Print only the lines below from the one with "Realistic Orange Vase" to the one with "Cycleway On Old", both included, exactly as they stand. Leave pictures out.

**Data excerpts**.
========
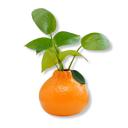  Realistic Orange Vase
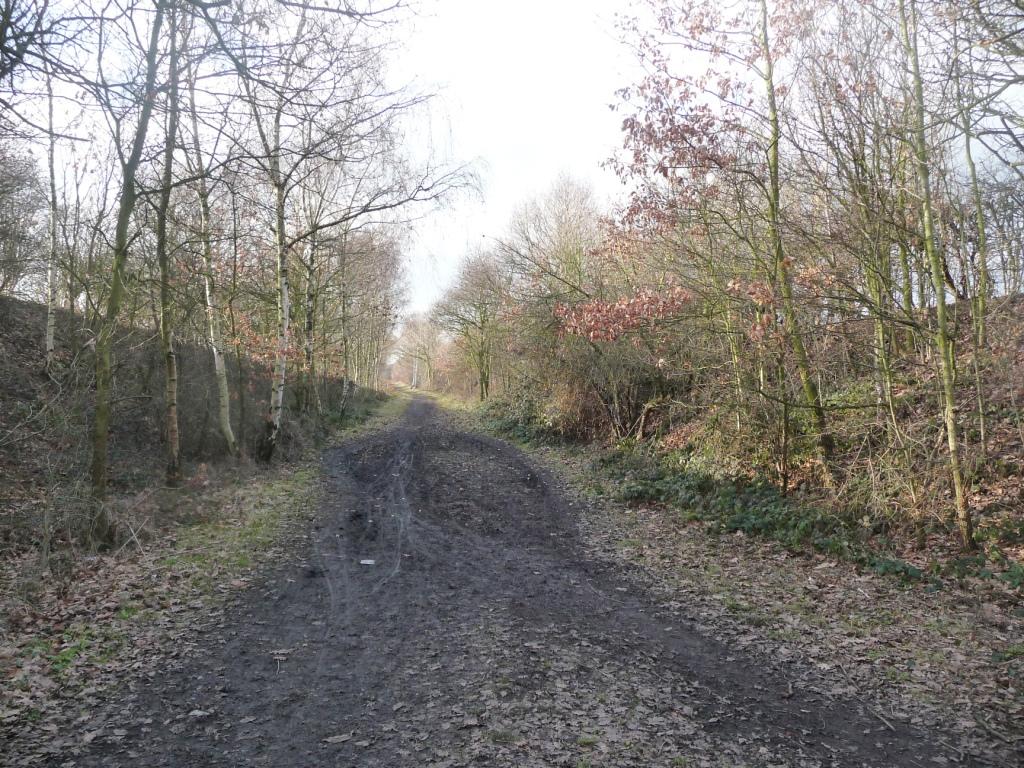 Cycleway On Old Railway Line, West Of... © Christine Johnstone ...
========
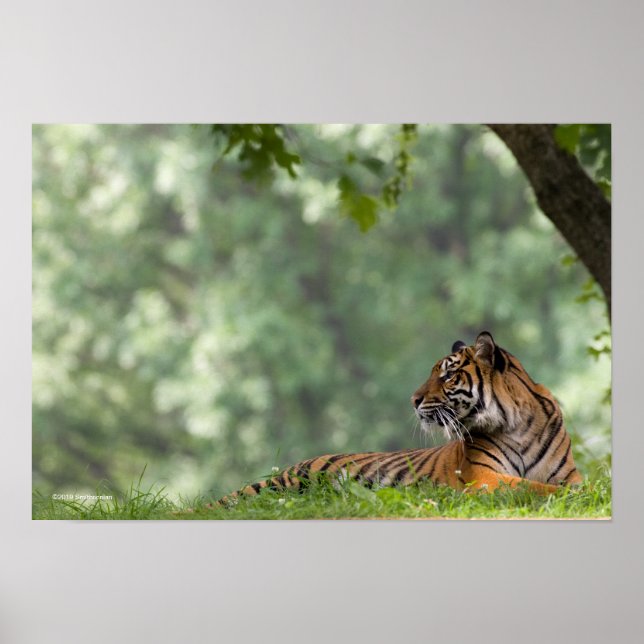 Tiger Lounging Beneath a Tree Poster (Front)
========
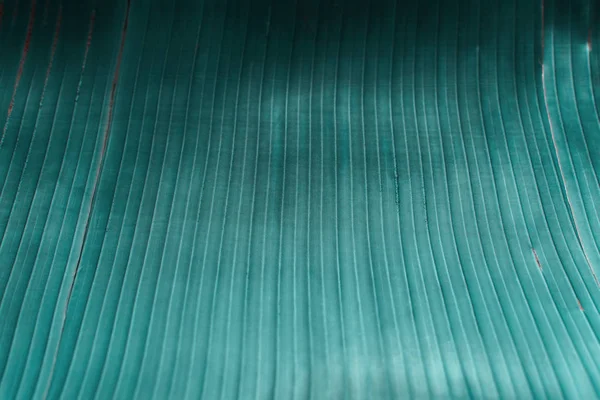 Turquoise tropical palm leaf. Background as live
========
**Output for this exercise**.
  Realistic Orange Vase
 Cycleway On Old Railway Line, West Of... © Christine Johnstone ...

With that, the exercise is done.